Küçük gaybet döneminde on ikinci imamla Şiî toplumu arasındaki irtibatı bab, sefir, vekil veya nâib denilen dört kişi sağlamıştır. Bunlar imamdan yazılı emir ve tavsiyeler yahut ortaya çıkan meselelere dair çözümler (tevkī‘) getirmiş, Şiî cemaatinin imama vermesi gereken humusu ve diğer vergileri toplamışlardır. Sefirlerin ilki Ebû Amr Osman b. Saîd’dir. İsnâaşeriyye Şiîleri’ne göre Osman b. Saîd, onuncu imam Ali el-Hâdî ile on birinci imam Hasan el-Askerî’nin özel kâtibi ve vekili idi. Aslında onun sefirliği on birinci imam Askerî tarafından belirlenmiş ve kendisinden sonraki imamın halifesi olduğu ifade edilerek taraftarlarının ona uymaları istenmiştir. İkinci sefir Ebû Ca‘fer Muhammed b. Osman ilk sefirin oğlu ve yardımcısıdır. Babasının cenaze hizmetleriyle ilgilenmesi ve gāib imamdan bir tâziye mektubu alması onun sefirliğinin delili sayılmıştır. Üçüncü sefir İbn Rûh en-Nevbahtî’dir.
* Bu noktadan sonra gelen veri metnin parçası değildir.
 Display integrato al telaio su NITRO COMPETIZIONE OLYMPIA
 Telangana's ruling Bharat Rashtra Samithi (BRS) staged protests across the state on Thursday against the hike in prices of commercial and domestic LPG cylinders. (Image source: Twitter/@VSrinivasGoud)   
Bir önceki sefirin tayin ettiği Nevbahtî zamanında daha önce kurulan ve çeşitli beldelere yayılan Şîa organizasyonu büyük gelişme kaydetmiştir.
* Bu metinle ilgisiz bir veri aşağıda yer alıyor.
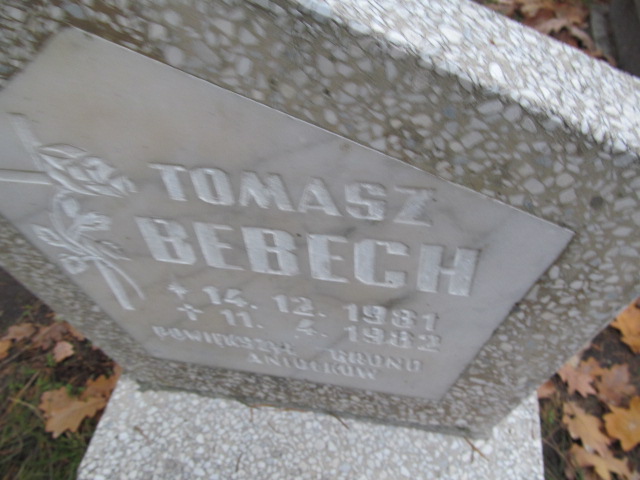 Tomasz Bebech 1982 Opole-Półwieś - Grobonet - Wyszukiwarka osób pochowanych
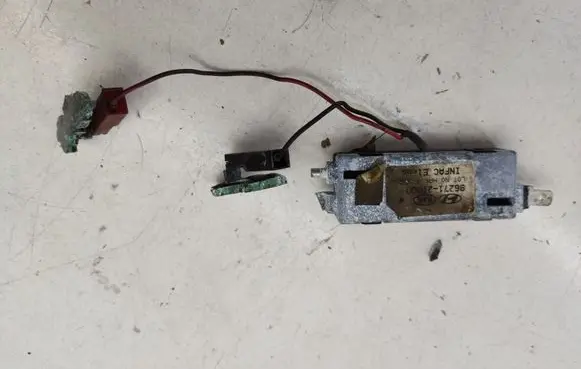 KIA Optima Aerial antenna amplifier 962712T000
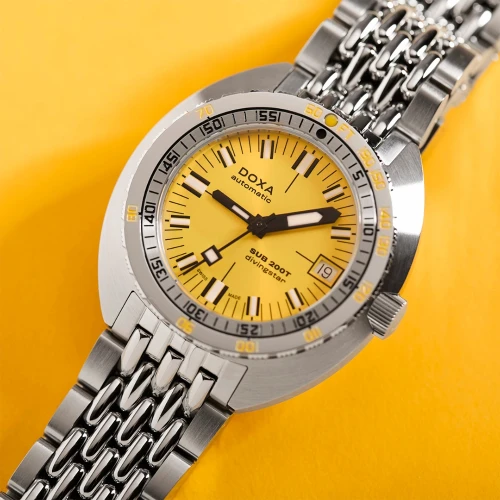 Чоловічий годинник DOXA SUB 200T DIVINGSTAR ICONIC 804.10.361.10 купити за ціною 80500 грн на сайті - THEWATCH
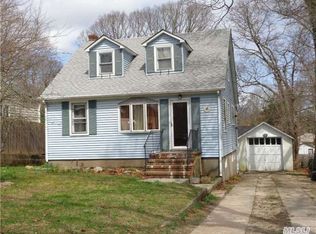 33 Ferndale Ave, Selden, NY 11784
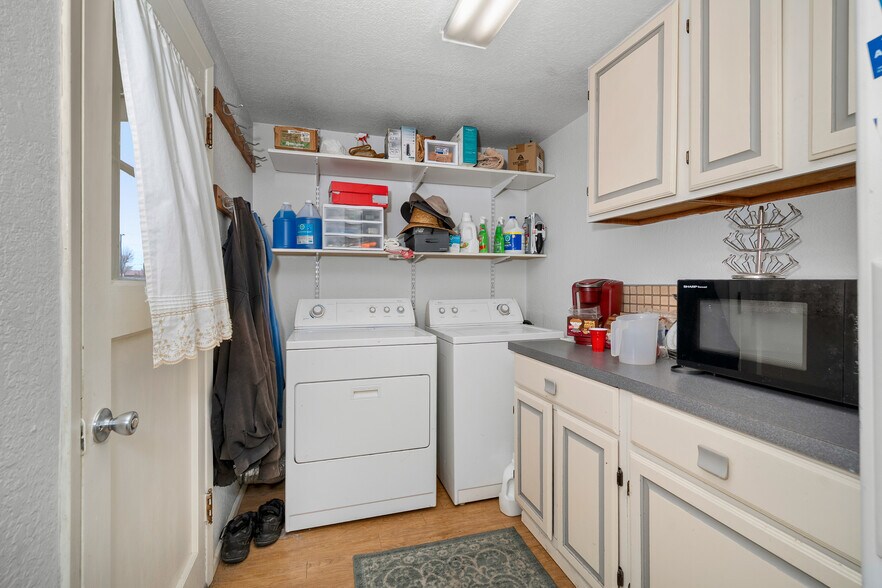 More Photos Of 19009 E Appleway Ave, Spokane Valley Auto Repair For Sale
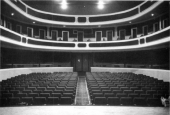 INAUGURACIÓ DE LES OBRES DE REMODELATGE DE LA SALA TEATRE DEL CASAL, DESEMBRE DE 1986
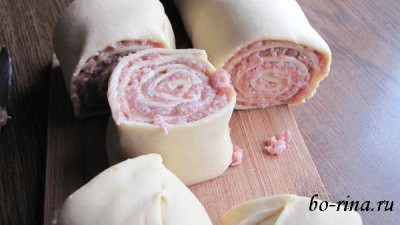 Rolls darált hús paradicsomszósszal, finom és gyönyörű!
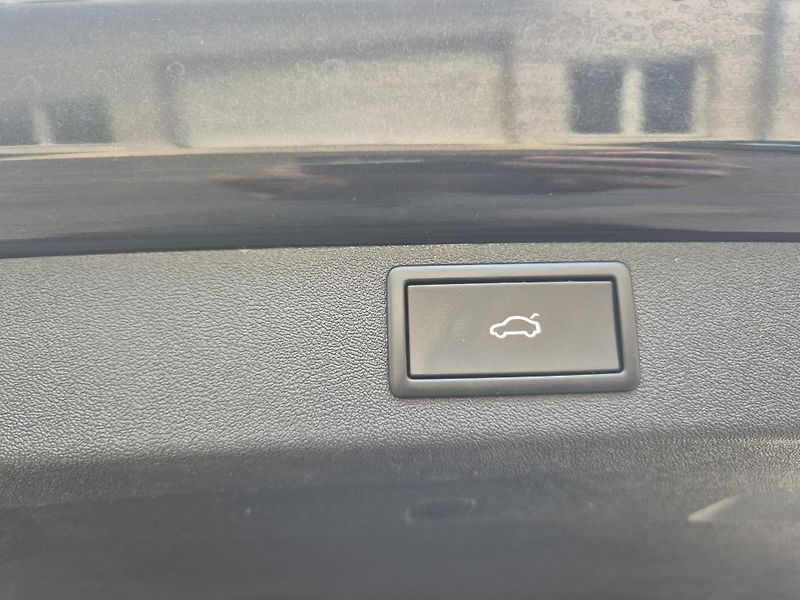Škoda Enyaq 150kw, iV80 19ALU TZ SOH 96% - fotka 40 z 44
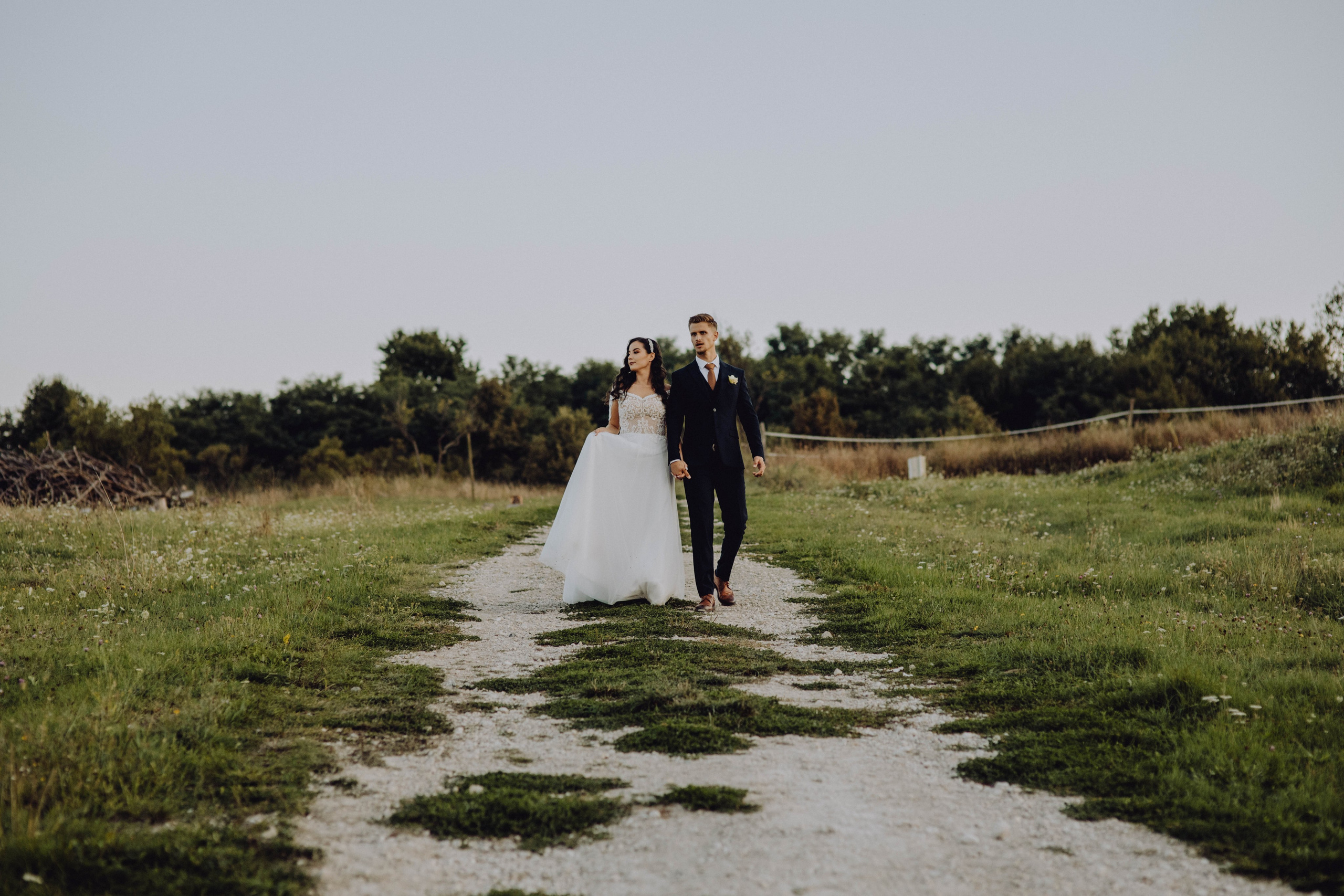 Raul & Eunice. Wedding & couple photographer from Romania Rut Vetan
Dördüncü sefir, selefinin tayiniyle bu göreve gelen Ali b. Muhammed es-Semerrî’dir. On birinci imamın vefatından Ali b. Muhammed es-Semerrî’nin sefir olarak tayin edildiği 326 (938) yılına kadar uzun zaman geçmiş olmasına ve Şiî topluluğunun heyecan ve merakla bekleyişine rağmen gāib imam zuhur etmemiştir. Bu durumda Semerrî, kendisinden sonra kimin sefir olacağını soranlara herhangi bir isim bildirmemiş ve, “Allah emrini yerine getirir” (krş. et-Talâk 65/3) diyerek gāib imamdan gelen tevkīi göstermiştir. Bu tevkī‘de gāib imam Semerrî’ye ölümüne altı gün kaldığını, işini derleyip toparlamasını, ölümünden sonra da yerine geçmek üzere birini tayin etmemesini, çünkü ikinci ve tam gaybetin başlayacağını, bu dönemde Allah izin vermedikçe bir zuhurun olmayacağını ve gāib imamın bir sefiri bulunmayacağını, ortaya çıkan olaylarda Ehl-i beyt’in hadislerini rivayet edenlere başvurulmasını, onların Şiî cemaati üzerinde kendisinin hüccetleri olduğunu bildirmiştir (İbn Bâbeveyh, Kemâlü’d-dîn, II, 503, 516). Ali b. Muhammed es-Semerrî’nin imamın belirttiği tarih olan 15 Şâban 329’da (15 Mayıs 941) ölümüyle (İbn Bâbeveyh’e göre 15 Şâban 328 / 26 Mayıs 940, bk. a.g.e., II, 503) küçük gaybet sona ermiş ve gāib imamla Şiî topluluğu arasındaki münasebeti yürüten sefirlerin bulunmadığı büyük gaybet dönemi başlamıştır. Bu dönem halen devam etmektedir (ayrıca bk. GAYBET).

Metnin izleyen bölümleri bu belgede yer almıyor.